By Rana Muhammad Taha

CAIRO: As teachers across the country await a timetable for meeting their demands, the Ministry of Education, in coordination with UNESCO, celebrated World Teachers Day on Wednesday, steering clear of the weeklong nationwide strikes in public schools.

In an event held at the Ministry of Education, UNESCO celebrated Teachers’ Day under the patronage and presence of Minister of Education Ahmed Gamal El-Din Moussa.

Twenty-seven teachers from all over Egypt – each representing their governorate – were honored in the ceremony for winning the “Model Teacher” competition, organized by the Ministry of Education.

UNESCO chose to focus this year on gender equality in its celebration of World Teachers Day. Gender Equality is the fifth of the six Education for All (EFA) goals.

“Female teachers around the world make up around 62 percent of the total number of teachers,” Ghada Gholam, UNESCO office director in Cairo, stated during her speech at the ceremony. “And with the increasing number of women taking up this job, their circumstances remain yet in deterioration.”

On his part, Moussa assured that girls excel over boys in education; both in their number and in their educational level.

“And unlike other countries,” Moussa continued, “women don’t suffer from discrimination in salaries here in Egypt. Yet, one must admit that they don’t occupy enough managerial posts.”

However, Moussa confirmed that the ministry began this year implementing a plan to choose school headmasters according to their efficiency instead of seniority – as has been always the case – and that they have indeed started applying that in some schools.

Throughout the ceremony, no mention was made regarding the teachers strike which started with the launch of the new academic year on September 17 and has been proliferating through governmental schools.

Teachers are demanding better pay and working conditions and greater government investment into what they believe is a notoriously overburdened educational system.

While public school teachers decided to suspend nationwide strikes for one week until the education ministry presents a timeline for meeting their demands, teachers in some schools in Beni Seuf, Sharqeya, Suez and parts of Cairo continued the strike pending “positive steps” by the ministry.

However, some of the teachers present at the ceremony criticized the strikes.

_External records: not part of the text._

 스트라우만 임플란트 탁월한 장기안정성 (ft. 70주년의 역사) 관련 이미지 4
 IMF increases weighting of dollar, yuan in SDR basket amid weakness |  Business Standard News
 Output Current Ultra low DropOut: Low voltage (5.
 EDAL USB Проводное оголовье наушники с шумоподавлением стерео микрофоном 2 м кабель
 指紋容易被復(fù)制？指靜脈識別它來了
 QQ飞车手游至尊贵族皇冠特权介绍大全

“Loud voices never retrieve rights,” Shadya Gaber said. Gaber was honored for being the Model Teacher in Fayoum governorate. She’s been an Arabic teacher for 18 years, and was honored by the government for the first time on Wednesday.

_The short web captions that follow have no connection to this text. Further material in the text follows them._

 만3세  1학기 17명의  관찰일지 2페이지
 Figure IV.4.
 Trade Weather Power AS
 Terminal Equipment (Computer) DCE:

“With our mild voice and our patience,” Gaber insisted, “we will get our rights back.”

Ashraf Abdallah, mathematics teacher and Model Teacher for the Giza governorate, echoed Gaber’s same sentiments, describing the strikes as an “abuse of students’ right to education.”

“If we have rights, we can demand to reclaim them, yet without going on strike,” he said.

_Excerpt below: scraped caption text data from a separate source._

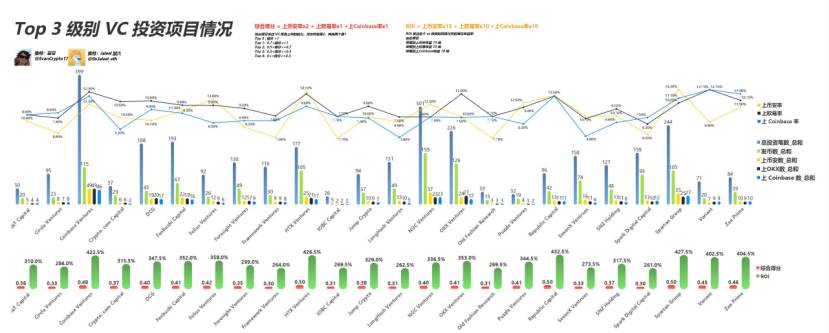 The ultimate guide to Web3 VC. Which VC can I make money by playing with?插图5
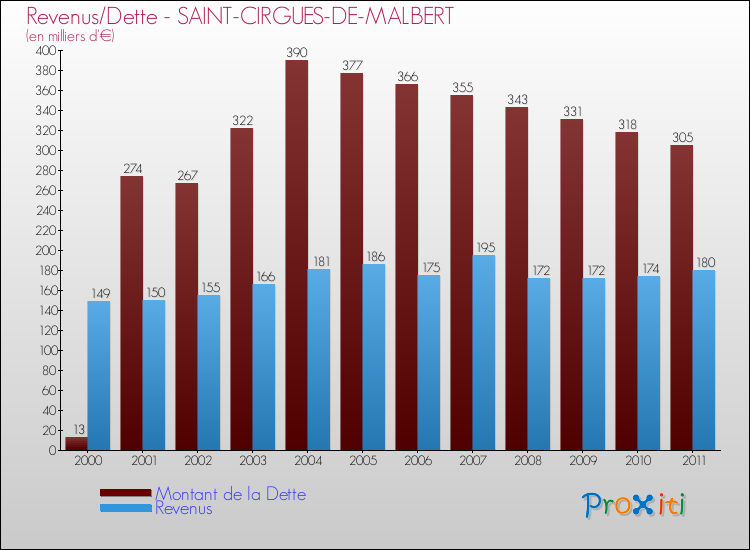 Evolution comparée de la dette et des revenus pour la commune de SAINT-CIRGUES-DE-MALBERT de 2000 à 2011 Comparaison de la dette et des revenus pour SAINT-CIRGUES-DE-MALBERT de 2000 à 2011
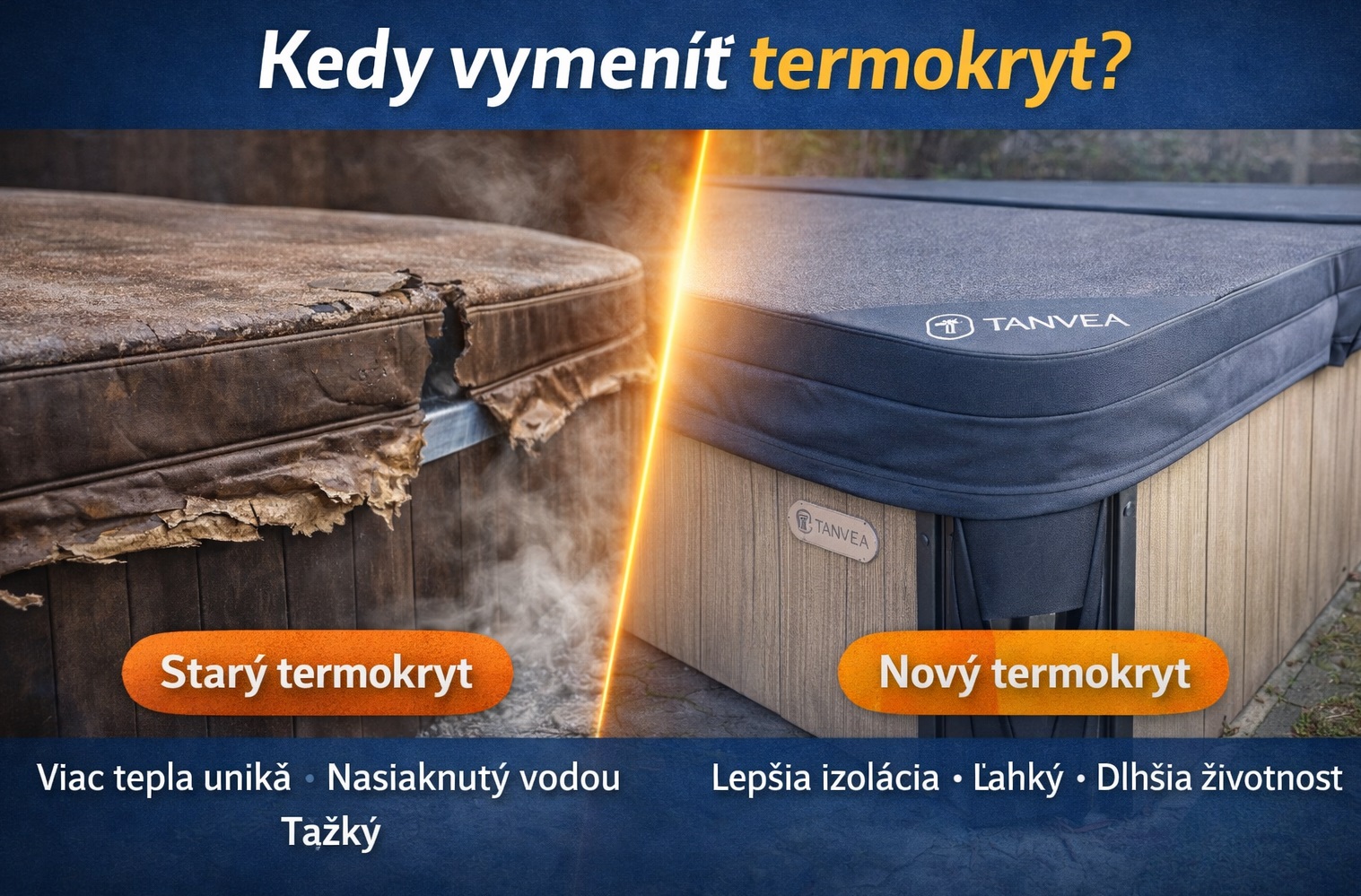 Kedy vymeniť termokryt na vírivke? Reálny príklad z praxe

The ceremony resumed with a video conference call with Egyptian teachers currently teaching in the United States, in an attempt to draw a constructive comparison between the working atmosphere in Egypt and the US, as well as honoring Egyptian teachers all over the globe.

The UNESCO World Teacher Day began in 1994 to commemorate the 1966 signing of the UNESCO / ILO agreement on the status of teachers and the 1997 UNESCO recommendation regarding the status of higher education teaching personnel.